Before MURPHY, SEYMOUR, and McCONNELL, Circuit Judges.

Francisco Chamorro-Resendez brings this appeal challenging the district court's sixteen-level enhancement of his sentence pursuant to U.S.S.G. § 2L1.2. The district court concluded Mr. Chamorro-Resendez's prior conviction for third degree assault in Colorado was a crime of violence warranting the enhancement laid out in section 2L1.2. We exercise jurisdiction pursuant to 18 U.S.C. § 3742(a) and 28 U.S.C. § 1291, and affirm.

Mr. Chamorro-Resendez pled guilty to one count of unlawful reentry by a previously deported alien in violation of 8 U.S.C. § 1326. The presentence report (PSR) recommended pursuant to U.S.S.G. § 2L1.2(b)(1)(A) that his base level offense be increased by sixteen levels for a prior conviction of domestic violence third degree assault in the state of Colorado, which the PSR characterized as a crime of violence.(1) The PSR indicated that according to arrest reports, Mr. Chamorro-Resendez "cause[d] bodily injury" to his wife. Rec., vol. II at 9. Mr. Chamorro-Resendez's first attorney during the sentencing phase raised a number of objections to the PSR, but explicitly did "not dispute that [Mr. Chamorro-Resendez's] conviction is a crime of violence." Id., vol. I, doc. 17 at 2. The attorney did claim that Mr. Chamorro-Resendez's Sixth Amendment rights were violated by the enhancement because he did not admit, nor did a jury find, that he had been convicted for the underlying assault charge.

At the sentencing hearing, new counsel again conceded the violent nature of Mr. Chamorro-Resendez's prior conviction, stating "I cannot say that the third-degree assault ­ I can't say that it wasn't a violent offense, because it's a domestic violence conviction . . . ." Id., vol. IV at 8. Counsel did not advance the arguments raised by Mr. Chamorro-Resendez's first sentencing attorney. Instead, counsel challenged the enhancement on Equal Protection grounds. The district court rejected this argument but granted Mr. Chamorro-Resendez's motion for a downward departure in his criminal history category. Id. at 18.

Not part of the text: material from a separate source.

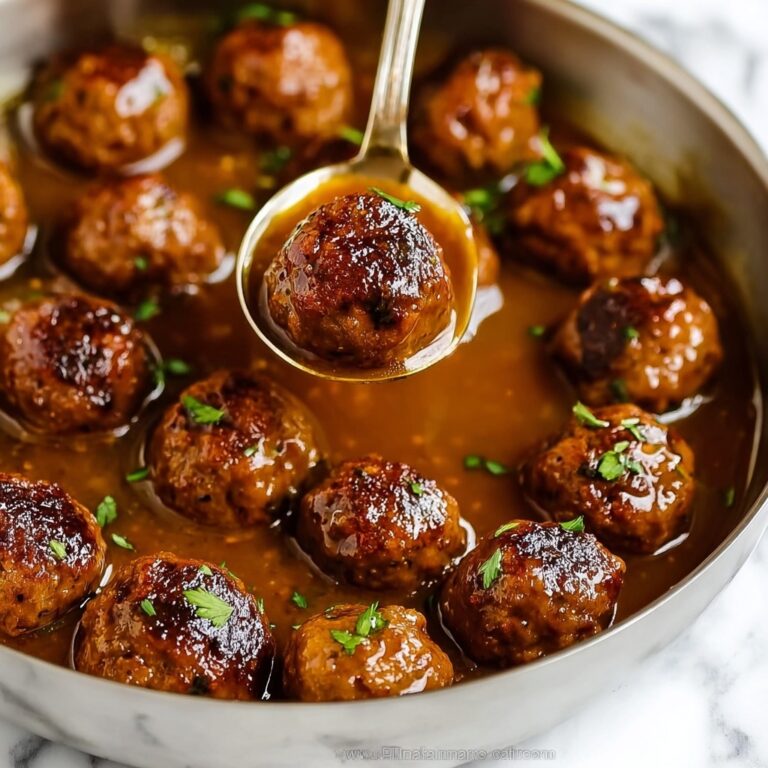 Salisbury Steak Meatballs in Rich Brown Gravy Recipe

Prior to issuing a sentence, the court gave all counsel a final opportunity to lodge any objections. Neither side did so. The court adopted the factual findings and guideline applications detailed in the PSR, with the exception of the criminal history category departure it granted to Mr. Chamorro-Resendez. The court then determined Mr. Chamorro-Resendez had a total offense level of 21 and a criminal history category of III, resulting in a sentencing range of 46 to 57 months. The court sentenced Mr. Chamorro-Resendez to 46 months.

On appeal, Mr. Chamorro-Resendez contends his sentence runs afoul of the Supreme Court's recent rulings in Shepard v. United States, 544 U.S. 13 (2005), and Taylor v. United States, 495 U.S. 575 (1990), and our decision in United States v. Perez-Vargas, 414 F.3d 1282 (10th Cir. 2005). He asserts the district court erred in applying the sixteen-level enhancement for his domestic violence conviction because the district court relied on facts detailed in the PSR, which in turn relied on an arrest report. Shepard and Taylor generally provide that in determining whether a prior conviction is a crime of violence for sentencing purposes, the sentencing court must take "a formal categorical approach, looking only to the statutory definitions of the prior offenses, and not to the particular facts underlying those convictions." Taylor, 495 U.S. at 600. If the statute could cover varying forms of violent and non-violent behavior, the sentencing court may consider the "terms of the charging document, the terms of a plea agreement or transcript of colloquy between judge and defendant in which the factual basis for the plea [or verdict] was confirmed by the defendant, or to some comparable judicial record of this information." Shepard, 544 U.S. at 26. However, a sentencing court may not "look to police reports or complaint applications to determine whether an earlier guilty plea necessarily admitted, and supported a conviction for, generic burglary." Id. at 16.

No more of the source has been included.